# The Facts In The Case of Dr Andrew Wakefield - a graphic tale



## StormFeather (May 24, 2010)

I knew some of the facts of this, but didn't realise just exactly how he came to do the research, what he put the kids through, and how much he'd received by doing it.

I also think this is a brilliant way to tell the story

tallguywrites: The Facts In The Case Of Dr. Andrew Wakefield


----------



## Ursa major (May 24, 2010)

Looks as if Ms J McCarthy never received her mumps jab....


* cough*



Thanks for that link, Stormfeather. And yes, a really good way to tell the story.


----------



## Starbeast (May 24, 2010)

Thank you for the information, it was incredible.


----------



## j d worthington (May 24, 2010)

And, as a result of this, since we have had a backlash against vaccination, the rise in measles and similar diseases (which had nearly been eradicated in modern industrialized societies), has been on the rise, along with their toll in infant mortality and miscarriages, etc.....

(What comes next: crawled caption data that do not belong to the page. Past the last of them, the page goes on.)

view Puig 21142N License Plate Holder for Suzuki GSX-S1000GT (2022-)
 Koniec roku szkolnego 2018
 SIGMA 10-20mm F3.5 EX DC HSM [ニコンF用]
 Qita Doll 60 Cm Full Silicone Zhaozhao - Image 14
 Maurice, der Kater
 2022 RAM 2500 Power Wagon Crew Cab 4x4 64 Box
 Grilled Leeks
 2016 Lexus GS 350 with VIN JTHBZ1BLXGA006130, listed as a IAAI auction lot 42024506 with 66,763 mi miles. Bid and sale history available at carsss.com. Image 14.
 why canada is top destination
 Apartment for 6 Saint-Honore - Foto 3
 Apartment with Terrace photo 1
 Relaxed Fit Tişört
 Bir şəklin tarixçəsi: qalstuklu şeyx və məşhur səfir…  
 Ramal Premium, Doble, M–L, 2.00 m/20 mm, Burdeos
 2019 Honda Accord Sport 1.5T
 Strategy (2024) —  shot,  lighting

Yet again I state that we desperately need to improve our modern educational methods as concern science, critical thinking, and the ability to track down actual _facts_.... This is not an academic exercise; our very ability to function as a modern technological, physically healthier society depend on it....


----------



## skeptical (May 24, 2010)

A few statistics.

If a child is not vaccinated, he or she has a 50% chance of contracting measles.

If he/she has measles, there is a 1 in 1000 chance of dying from it, and a much larger chance of serious infection related harm, including brain damage.

So, if Wakefield's fraud prevents 2000 children being vaccinated, then one death is laid at his door.  (as an average).

How many children have died as a result of his fakery?


----------



## StormFeather (May 24, 2010)

All I can find so far in this story:

BBC News - Wakefield and autism: the story that will not go away

was that the first death from measles for over a decade was in 2006. 

I'm sure I remember there being an outbreak of measles last year, either at a secondary school or university type place (ie lots of students) where there was at least one death. Too tired to research it properly right now though.

I do so hope Dr Wakefield gets what he truly deserves


----------



## skeptical (May 24, 2010)

To give an idea of how serious measles can be we need to look at developing nations, and Africa in particular.

UNICEF - Immunization - Measles deaths decreased by more than half

I quote :

_"It costs around $1 to vaccinate a child against measles. Between 1999 and 2005, more than 360 million children under the age of 15 were immunized as a result of campaigns in 45 priority countries – the majority in Africa. In the same period the total number of deaths from measles fell from 873,000 to 345,000 a year._
_But in spite of the Measles Initiative’s success, the disease remains a leading cause of vaccine-preventable deaths among children. Over the coming years, increased attention will be paid to countries in South Asia with large numbers of measles deaths. The new goal is to achieve  a 90 per cent reduction in measles deaths worldwide by 2010."_

Without immunisation, those massively high death rates will return to plague the west also.


----------



## Ursa major (May 24, 2010)

Apparently (i.e. according to Wiki) measles was reclassified as endemic to the UK in 2008, the first time it had had this status since 1994. Not exactly a good thing, I'd suggest.


----------



## Pyan (May 24, 2010)

Not that I'm defending his methods, but I rather thought that it wasn't the vaccinations as such that he was against, but the lumping together of three of them in one big injection. He _advocated_ single measles jabs, so it seems unfair to lay the blame for deaths from the disease at his door - why didn't the NHS Trusts allow parents that were worried by his reports to have single-disease inoculations?


----------



## StormFeather (May 25, 2010)

Yes, he did advocate the single innoculation, but what I hadn't realised is that 9 months before this all came out, he'd applied for a patent for a single measles innoculation. With the MMR so widely used there would have been no way for his vaccination to be used.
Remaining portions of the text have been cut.